Wednesday, September 14, 2005

I'm B-B-Buggin'

Its happening again. The damn heebie-jeebies have got me in their claws and I'm freaking. Totally freaking.

First, the good news. This past weekend, I progressed 4 pattern repeats on the blankie-shawl. That's good, as I feared it might never grow. As in, I might never finish it. I do see a light at the end of the tunnel.

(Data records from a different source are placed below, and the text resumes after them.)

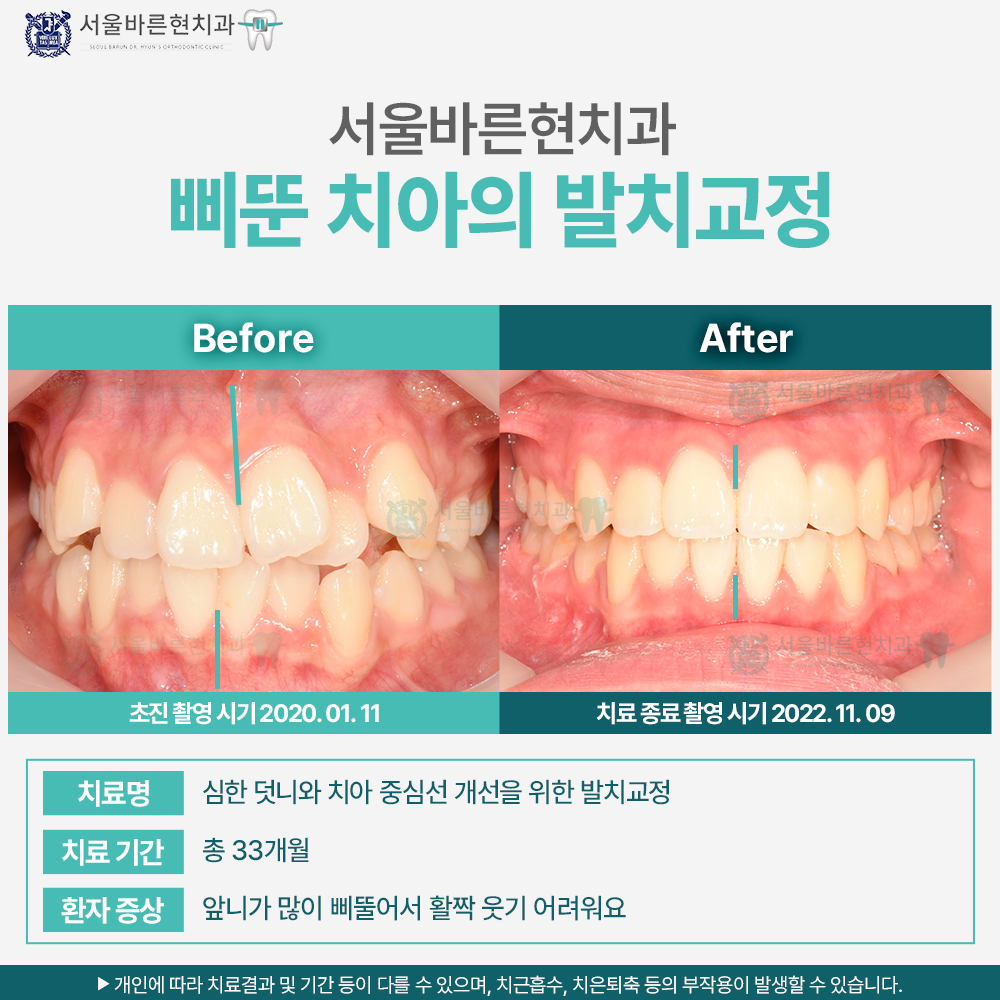 부산교정치과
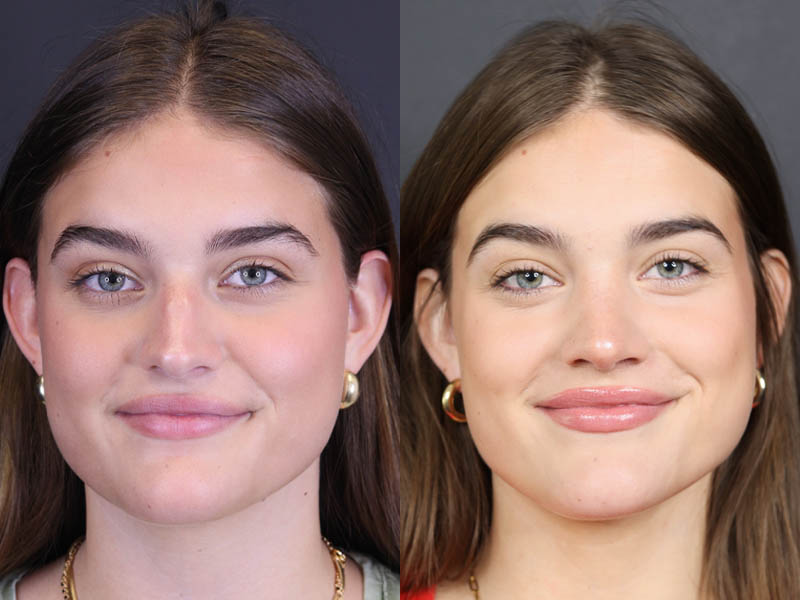 Rhinoplasty case #8366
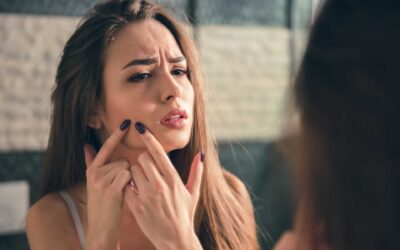 Treating Acne Scarring with Skin Boosters in Melbourne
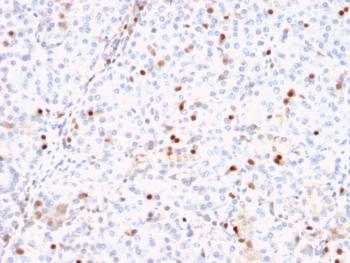 Anti-ERCC1 / RAD10 (Tumor Progression Marker) Monoclonal Antibody(Clone: ERCC1/2318)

Now, the not so good news. Much of which may sound like a repeat from a few months ago. And since I just love lists:
  • I hate my job. It is a thankless place where I am underused and undervalued. I have zero prospects for moving ahead or gaining new skills, as the ruler-with-an-iron-fist prevents true learning and advancement from taking place.
  • I feel stuck in my job, as I don't have any skills to move forward since I don't do anything here.
  • I am destined to be poor poor poor. And even if I do find another job, I am forever going to be stuck in the same dumb earning bracket as I have been in for the last few years. I just don't see a way to get ahead. Which leads me to...
  • I am so struggling with money right now. I spend too much and make too little. I know that the anser to that is definitely spend less, but I seem to be having mucho trouble with that. I think I am going to stick to a cash-only allowance once a week, and use that for everything. That means not only am I still leaving my credit cards at home, but I will no longer use my debit card. Cash only means cash only. As in the dolla bills I have in my wallet only. I figure I can try this allowance-based system for two months (my therapist's suggestion) and see how it goes.
  • I am supposedly due for a raise in October but I can't even count on that because its too risky. And I hate worrying about money. And I feel terrible because I'll be forever holding Mike back with my dumb salary. Its a terrible feeling to want to be an equal partner but unable to do so. However, the median income for a 4-person family in New York is $69,354. If you divide that by two earners, that's $34,677 each. I make more than that, so something should be working out for me. I shouldn't be in as much trouble as I am. And its not that I'm in trouble, really, its just that I thought I would be in a much better place by now. And now that I see that I'm not, it makes me so anxious about ever getting to that place.
And I'm stuck. I am working on my application for grad school, again. I have decided on a Master's in Public Affairs, part-time, at a CUNY. I know I could do this and I know it could help me get ahead, but its also so disheartening. I feel so dumb. I feel so behind the curve. I feel so inadequate. Why do I up-and-down like this? Why do I seek self-value as reflected in others? Particularly this job. So, I have a job that isn't that interesting or exciting. Why do I let that indicate my self-worth? Why not feel excited that I can work on my essay while here and feel engaged in that way? Its hard to feel good about the trade-off. And I think its harder still because of how my last job ended. I was fired. Let go, as people instructed me to say. To go from that hurt and disappointment to this place where nothing I do has any meaning or value, well, its hard. It reinforces the worthlessness. You dig?

Sigh.

I guess its back to my essay.

1 comment:

Anonymous said...

My dear, you may be 'poor' relatively, but you are not poor. In fact, I envy your brand of poverty.